Sorry about the long gap in communication. I really appreciate the input, but got tied up. The problem I’m encountering with using ZFS below DRBD relates to storage consumption. When I set up the system the canonical way (ZFS below DRBD), the disk usage is so much higher. For example, in the following output, zpool0/site271_ds is just a dataset (32K recordsize), whereas zpool0/site271_zvol_00000 is a drbd resource on a zvol (default volblocksize). Using zvols under DRBD consumes way more storage with the same exact data in both.
No worries, have you tried using a zfsthin LINSTOR storage pool?
linstor sp create zfsthin ...
This way you can take advantage of ZFS sparse (thin) volumes.
I would expect this to be the case when comparing a dataset (in simplified terms, a filesystem) to a zvol (block device). A more appropriate comparison would be something like a ZFS dataset vs EXT4 filesystem used space.
Yes, understood. I realize I wasn’t very clear in my previous message. What I’m trying to highlight is that the zvol is inexplicably large. The DRBD resource was spawned as a 130GB volume, which somehow created a 157GB zvol. If I need to create 400 zvols, and every zvol is going to consume 20% more storage than the requested size of the DRBD disk, we’ll run out of storage quickly. Datasets do not require size specification. They consume the pool storage as needed. Plus, they benefit from compression, which zvols apparently do not. So, not only are they easier to manage, but they are much more efficient in storage utilization. I really want to build the stack the canonical way, with ZFS below DRBD, but these findings are forcing me to try it a different way. If I create one DRBD disk per physical disk, and build my raidz on top of the DRBD disks, then everything gets a lot easier and more efficient.
Any idea why spawning a 130GB DRBD resource creates a 157GB zvol? (Actually, it was 235GB because zfs gave it a default refreservation of 180%. I got it down to 157GB by setting refreservation to the same size as the zvol).
Not yet. That will be my next test. The following article has a nice breakdown of storage consumption based on array width and volblocksize.
That said, it’s only half the battle. Even if I can get the zvol down to somewhere near the size of the DRBD disk, it still does not benefit much from compression.
Just curious, what is the volblocksize currently in use for DRBD volumes?
zfs get volblocksize zpool0/site271_zvol_00000
I do expect that to be the case here, that is, assuming the output of zfs get volsize zpool0/site271_zvol_00000 matches the requested volume size in LINSTOR/DRBD.
Can you post the output of zfs get all zpool0/site271_zvol_00000 just so we have all the information?

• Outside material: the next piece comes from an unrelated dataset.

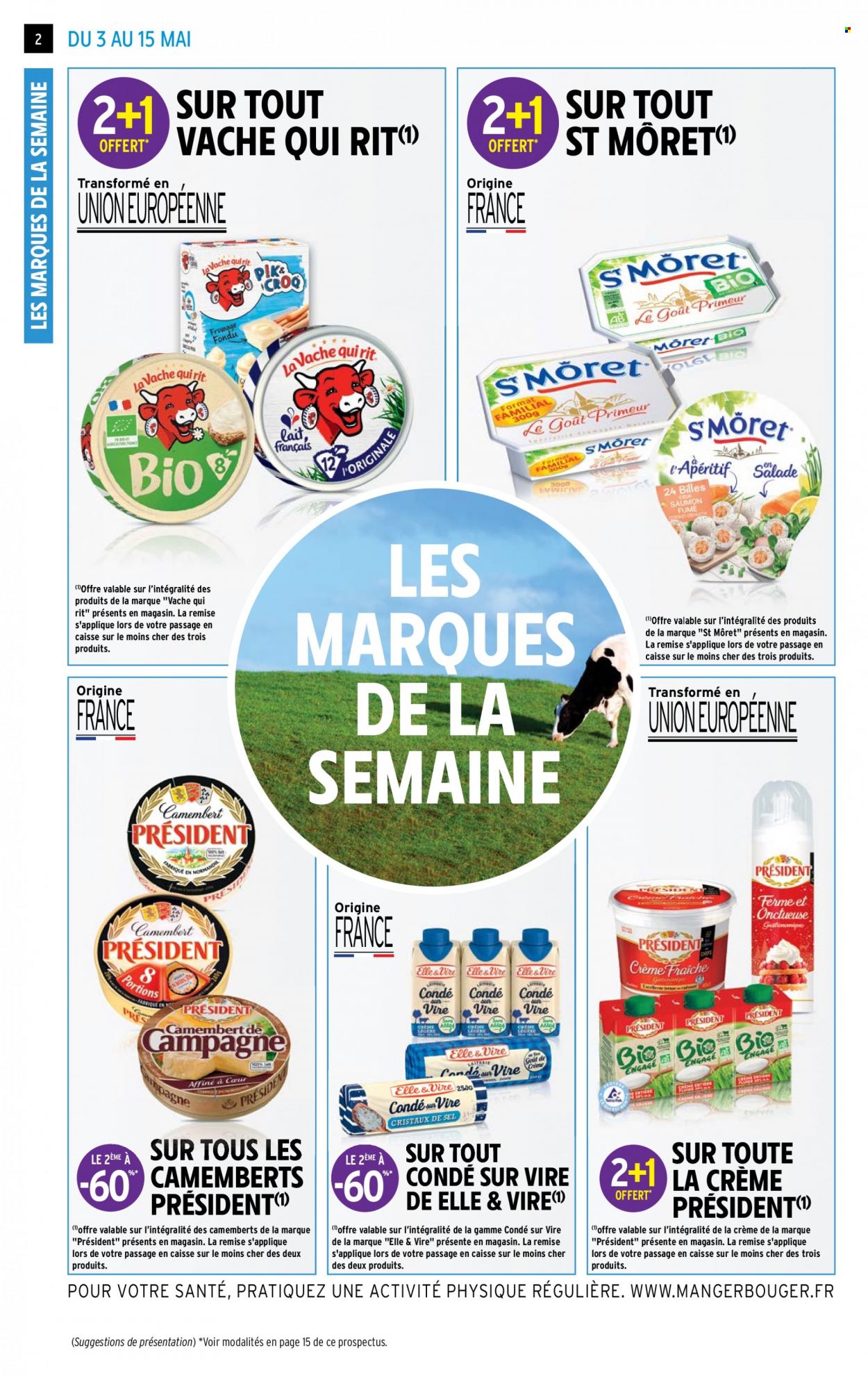 Catalogue Intermarché Contact - 03/05/2022 - 15/05/2022. Page 2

Sorry, I destroyed it and started over fresh. With more testing, I confirmed that the 157GB size of the zvol is not Linstor’s fault. I found the command that Listor was issuing in the zfs history and it is perfectly normal. I was also able to reproduce the condition outside of DRBD just using zfs commands. I don’t know what’s going on, but I know it’s not a Linstor/DRBD issue.
That said, the zvols seem to be taking up 157GB of storage whether I create them sparse or not.
Whoops, I missed this section of output in my last reply:
Sounds good. I was just about to ask you what happens when you copy the filesystems between the zvols with differing volblocksize values before your last replies.
It appears you’re hitting some underlying issues related to padding with RAID-Z.
After considerable soul-searching, I ended up building the stack using my original plan. There are 9 x NVME drives in each server. I have a DRBD disk for each one. I then built a raidz on top of the 9 DRBD disks, and I’m creating individual zfs datasets for each customer. I realized the main reason I wanted zfs was for its compression, and that is working great. Also, using datasets makes daily administration much easier and more straightforward. No more worrying about the huge difference in storage requirements from customer to customer, no resizing drbd disks, LVM volumes, xfs filesystems, etc., and overall storage utilization is fantastically better than it would have been using zvols under DRBD disks. Also, the stack is simpler because of fewer layers. I realize I’m giving up some of zfs’ sexier capabilities, but the tradeoffs are worth it to me.
The next question is: pacemaker or drbd-reactor? I have both in my environment, and I much prefer using drbd-reactor on my database servers because customer-facing services are atomic. There’s one drbd-reactor resource with one drbd disk, one filesystem, and one mysql instance per customer. DRBD disks and their dependent resources can be individually moved between cluster nodes with ease, and drbd-reactor is overall much easier to administer than pacemaker. That said, the situation now is different. I have 9 DRBD disks all part of one raidz. Any actions that drbd-reactor triggers would have to be coordinated with all the other DRBD disks below the zpool. If any drbd-reactor resource wants to trigger a failover, it might have to gracefully manage failing over ALL drbd disks, which might involve stopping application services, unmounting all zfs datasets, exporting and imprting pools, etc. Any thoughts on whether all this is feasible with drbd-reactor?
DRBD Reactor does not support complex collocation or ordering constraints between services running on different DRBD resources. You cannot tell DRBD Reactor that all ZFS pools must be successfully exported before attempting to demote any of the DRBD devices. For that you will have to use Pacemaker.
That was the conclusion I reached. While it’s probably feasible to use drbd-reactor in conjunction with scripts to accomplish some type of coordinated failover, it’s more work than it’s worth.